Curriculum development, like many things, is a cycle. When I first started my job, we were towards the beginning of the cycle. I got to see many projects develop from an idea ("Let's write a unit for third graders about light!") all the way to a finished product ("Wow, we wrote a 600-page behemoth of a teacher's guide. Could this break someone's foot if they dropped it? Should we consider additional insurance?"). Along the way, there are several months-long stages of research, brainstorming, drafting, writing, teaching, rewriting, testing, crunching data, revising, throwing out hours of instruction and starting over, fighting with the Paranoid Publishing Company, etc etc etc. It took a team of 15 people about six years to develop twelve units for the elementary grades. A few months ago, the entire cycle was complete and -- lo and behold -- there was the finished, published Giant Curriculum Project. (Incidentally, all of our materials stacked up weigh about 76 pounds and are almost exactly the same height as a three-year-old. Don't even ask why I know that. Thank god we're going digital.)
Not content to rest on our laurels, or even take an afternoon off, we launched ourselves right back to the beginning of the cycle. Now we are developing new materials for grades 6-8. Yes, folks, that's middle school, which Matt Groening appropriately dubbed The Deepest Pit In Hell. And the reason I am telling you about all of this cycle business is that I am back in the teaching part of the cycle, where I have not been since early 2007. In curriculum development lingo, this stage is called "pilot testing" and it means that we try out our ideas on some unsuspecting class of local schoolchildren. Which is why I have spent the last two weeks teaching a class of eighth graders.
First of all, there were thirty-seven kids in the class. Welcome to California. I swear, there were students stuffed in every corner and nook in this very tiny classroom. As soon as I thought I'd accounted for everyone, more kids seemed to sprout up in places I hadn't been looking. But, thankfully, they were quite well-behaved. Eerily so, even.
I co-taught our newly-minted (like, the day before) lessons with a co-worker whose previous experience has also been mainly in 1st-2nd grade. We were completely amazed at what these tall, adult-like beings could do. They can follow multi-step instructions! we exclaimed after the first lesson. There was no crying, or even danger of crying! we marveled. Sure, a couple of them looked like they were high, but at least they weren't flinging boogers at each other or obsessively playing with the velcro on their shoes! Their worst offense, according to my co-worker, was "discussing attractive forces other than gravity." Of which there seemed to be an abundance. It is spring and they are 13, after all.

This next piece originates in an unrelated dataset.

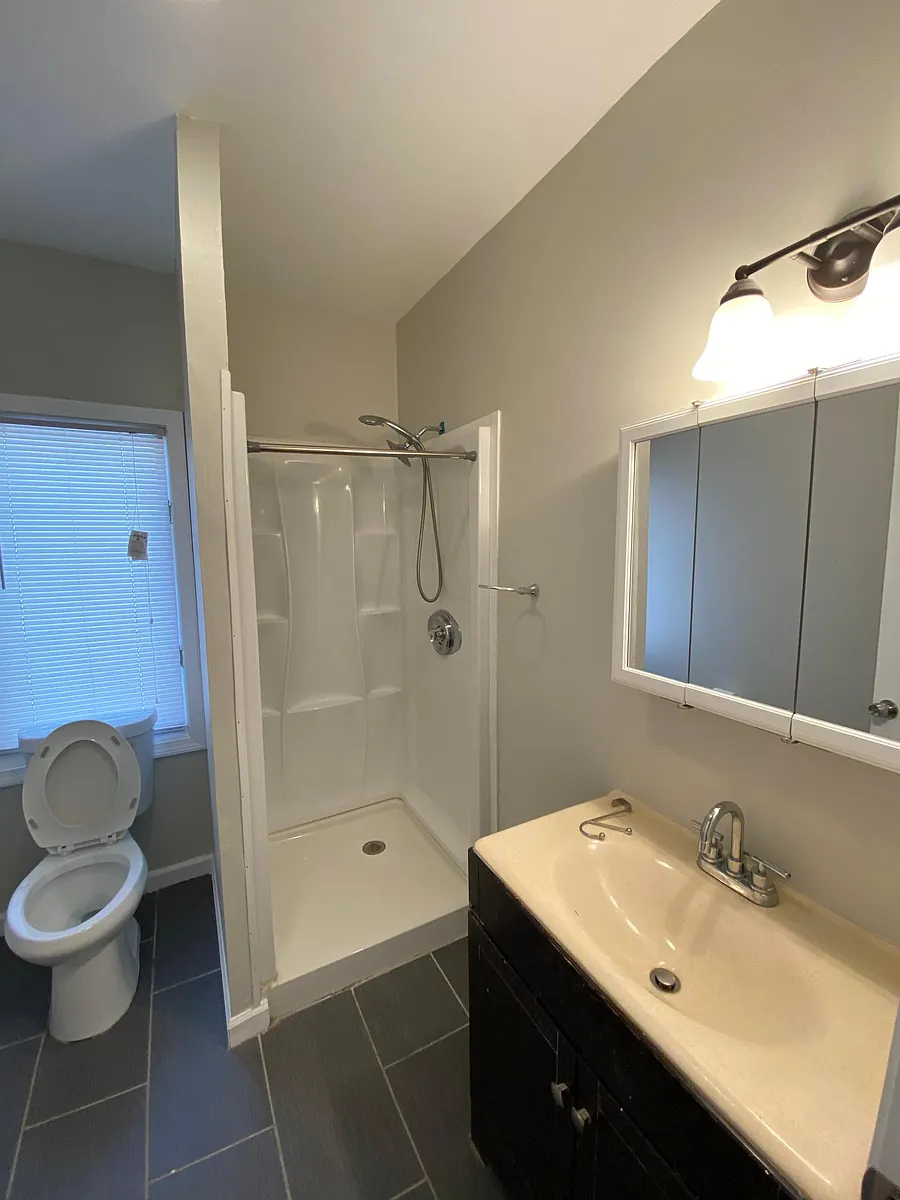 Building Photo - 738 Savin Ave #1B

I spent days mentally preparing myself for the lesson I was going to have to teach that was about the discovery of Uranus. I also had to explain how Neptune was discovered because of its pull of gravity, which made the orbit of Uranus irregular. Yeah, you try saying that with a straight face. (I also spent some time plotting to kill my co-workers for thinking this was a great example.) But, discussing this in class wasn't a problem at all. No one even looked like they were going to laugh. I was floored. (I did use the alternate pronunciation "URINE-us," but that's hardly better, now is it?) One girl did say to her neighbor, "Why did they call it Uranus anyway? Was the guy who discovered it just perverted?" But thankfully, no one else heard.

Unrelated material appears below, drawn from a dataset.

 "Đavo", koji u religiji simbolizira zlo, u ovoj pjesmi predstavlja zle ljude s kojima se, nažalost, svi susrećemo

The really amusing thing to me was that half the class looked like they stepped out of "Twilight." Remember the
Little Beacon of Death? This class had two, and they were old enough to dress the part. Black eyeliner, boots, skinny jeans, disaffected scowls. One of them drew a diagram of a black hole on the first day and is apparently reading A Brief History of Time. I am pretty sure she was not challenged in our class -- but she did, according to the classroom teacher, participate more than usual, so that's something. Also, there were two kids named B. One had the stereotypical shaggy hipster haircut and looked down a lot, so he became (privately, of course) "emo B." The other one was "enthusiastic B. who sits by the door." (It's hard to learn a lot about 37 students in 45 minutes a day when you only have two weeks.)
But, despite the hormones and the emo, things went well. I learned that the death knell in a middle school classroom is silence and lack of eye contact, not crying and rolling around on the floor. I learned that I am going to have to learn a lot of unfamiliar science content really fast or I will never be able to lead a discussion with older students (even though ostensibly I am there to teach reading and writing -- but of course you can't do that without a reasonable grasp of the ideas and, I discovered, confidence that you know what you're talking about). I learned that getting kids productively talking to each other is key to keeping them engaged. I learned that, while middle schoolers can do a lot of things, there is still much that they need to learn to be successful in school, and that it might actually make a difference if we teach it to them. (Okay, I already knew that.) I learned that we can all be adults and calmly discuss Uranus. So, I will try to write more lessons that will be interesting, engaging, and appropriately challenging for these very tall, very emo little proto-adults out there. I am sure I will miss the mark a lot, but that's why we have the rest of the cycle to work on it until we get it right.